Iconv is a simple and stream-oriented API, conforming to UNIX 98.
Perhaps subscribers of those mailing lists considered iconv to be too
simple. I have got known of only 4 manual pages about GNU libiconv:

/usr/local/man/man1/iconv.1.gz
/usr/local/man/man3/iconv.3.gz
/usr/local/man/man3/iconv_open.3.gz
/usr/local/man/man3/iconv_close.3.gz

    Well, meta data are courier-specific and need to be reserved and
developped. But substantial encoding conversion can be afforded by
GNU libiconv, can't it?

    I would write some relevant code.

------------------------------------------------------------------------
                                               From Beijing, China

Sam Varshavchik wrote:

[EMAIL PROTECTED] writes:

     Are these just "meta data" you referred to?

Yes. The unicode library in Courier does not just convert stuff from one character set to another. I also need to know some metadata about each character set, such as what I listed below.

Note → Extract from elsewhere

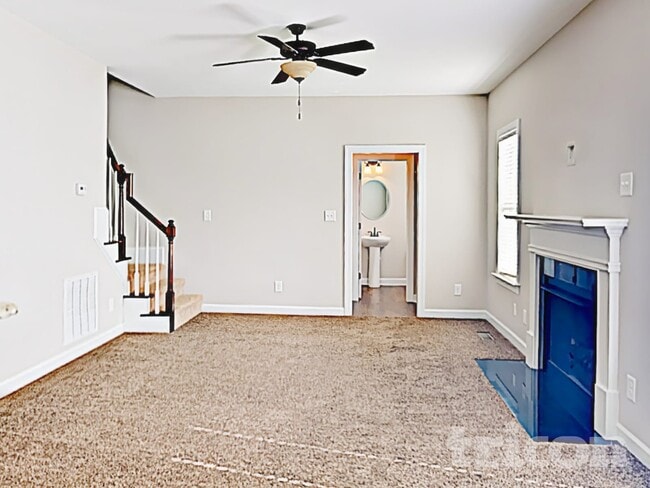 69 Diamond Creek Dr, Clayton, NC 27520 - photo 2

When, for example, encoding the character set in a message's header or body, I need to know whether the character set uses shift-in/shift-out character sequences, if so base64 must be used for encoding the character set in the headers. Even in character sets that don't use shift-in/shift-out sequences, I still need to know the preferred encoding method, in order to automatically select the best one when encoding message content.

I remember that many years ago I sent a mail to whatever mailing list address I dug up out of iconv's documentation. My mail was ignored.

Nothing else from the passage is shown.